DATA SUPPLIED »
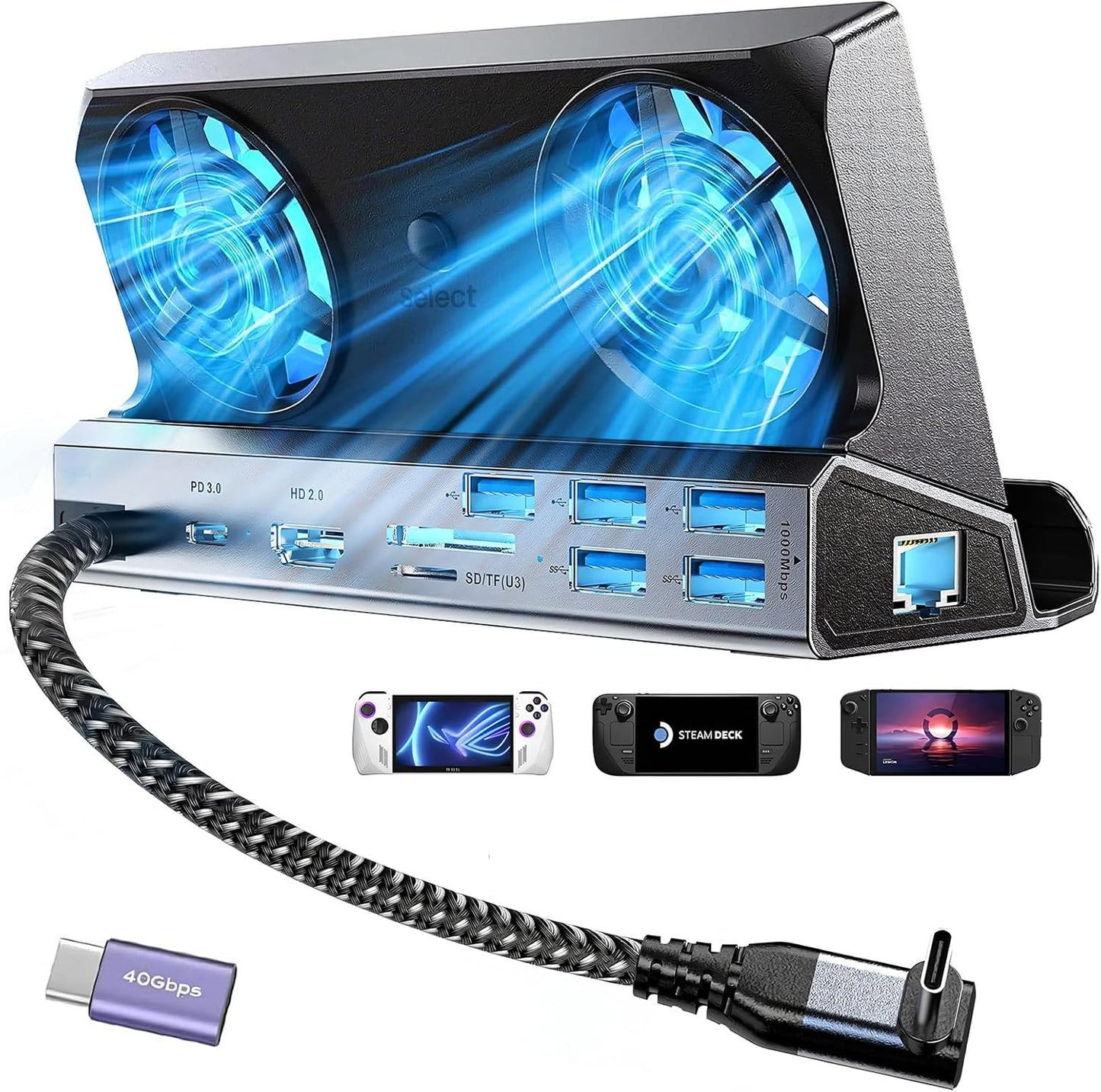 Docking Station for Steam Deck with Dual Cooling Fans and 10 Ports
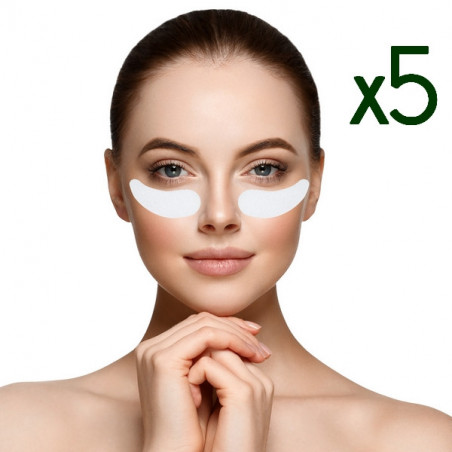 Lot de 5 paires de masques apaisant Konjac contour des yeux à base de collagène - Blanc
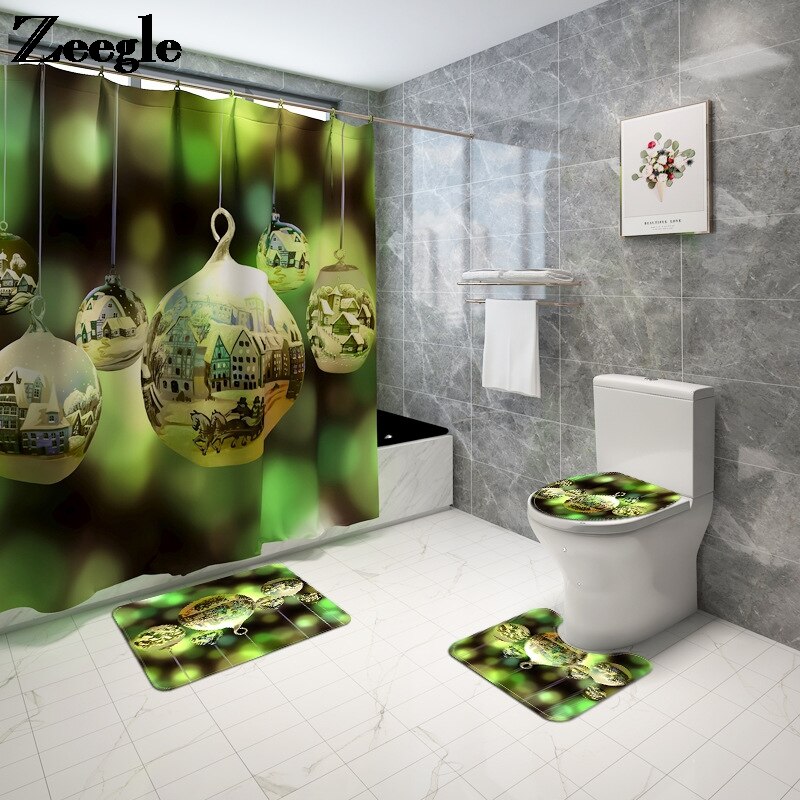 Kerst Badmat En Douchegordijn Set Gedrukt Badkamer Mat Set Anti Slip Badkamer Voet Mat Absorberende Badkamer Tapijt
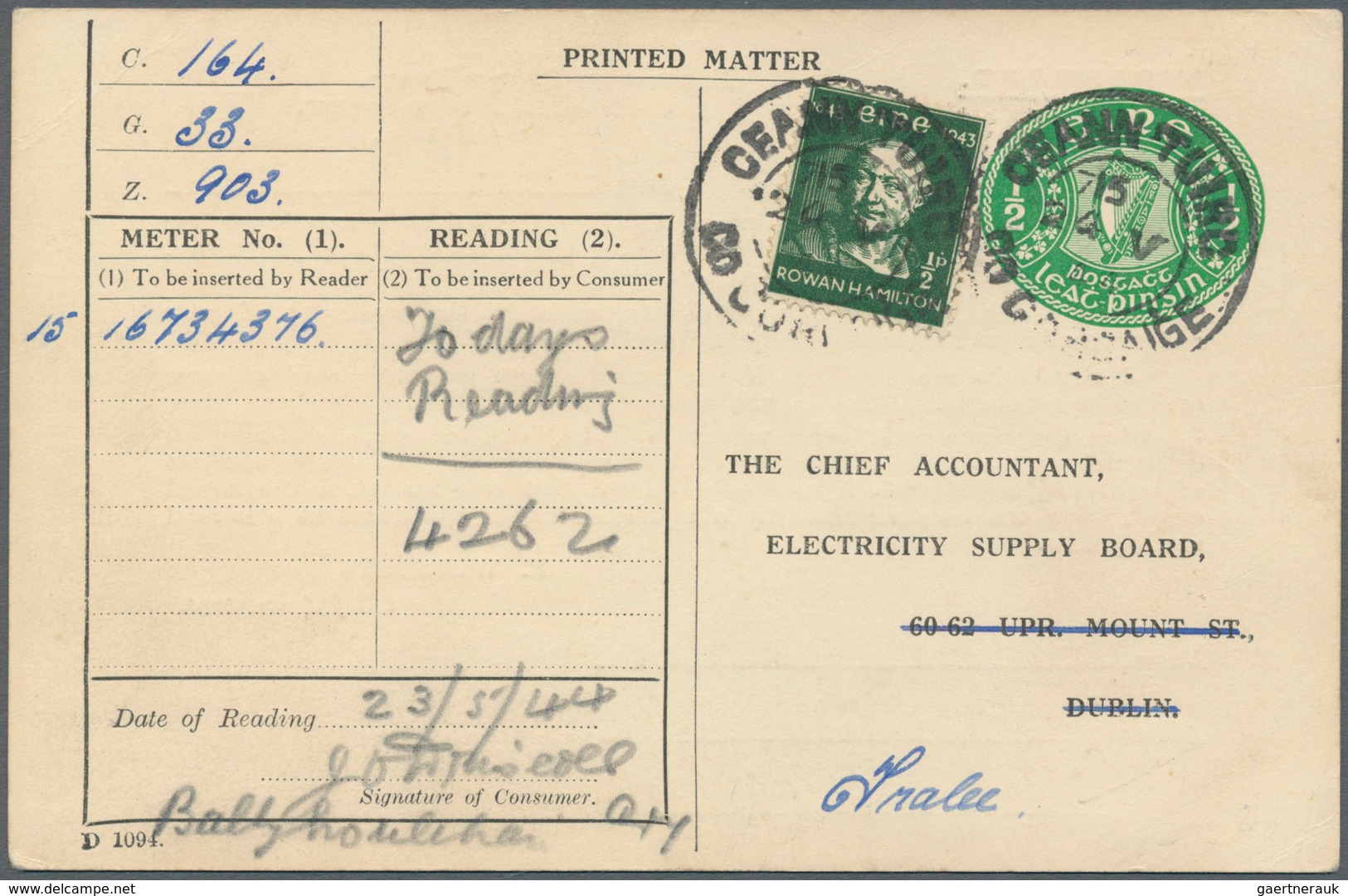 Irland - Ganzsachen: Electricity Supply Board: 1944, 1/2 D. Pale Green Printed Matter Card With Addi - Postal Stationery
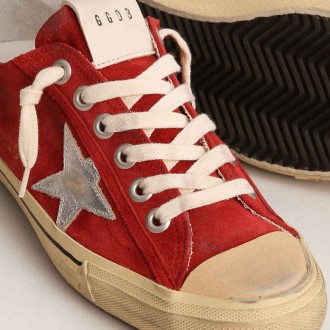 Golden Goose Men's V-Star Sneakers LTD In Dark Red Suede With Silver Star And Heel Tab GMF00129.F003090.40394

WHAT THE TASK REQUIRES » Leave the pictures out and set down the rest of the listing above exactly.

EXPECTED ANSWER »
 Docking Station for Steam Deck with Dual Cooling Fans and 10 Ports
 Lot de 5 paires de masques apaisant Konjac contour des yeux à base de collagène - Blanc
 Kerst Badmat En Douchegordijn Set Gedrukt Badkamer Mat Set Anti Slip Badkamer Voet Mat Absorberende Badkamer Tapijt
 Irland - Ganzsachen: Electricity Supply Board: 1944, 1/2 D. Pale Green Printed Matter Card With Addi - Postal Stationery
 Golden Goose Men's V-Star Sneakers LTD In Dark Red Suede With Silver Star And Heel Tab GMF00129.F003090.40394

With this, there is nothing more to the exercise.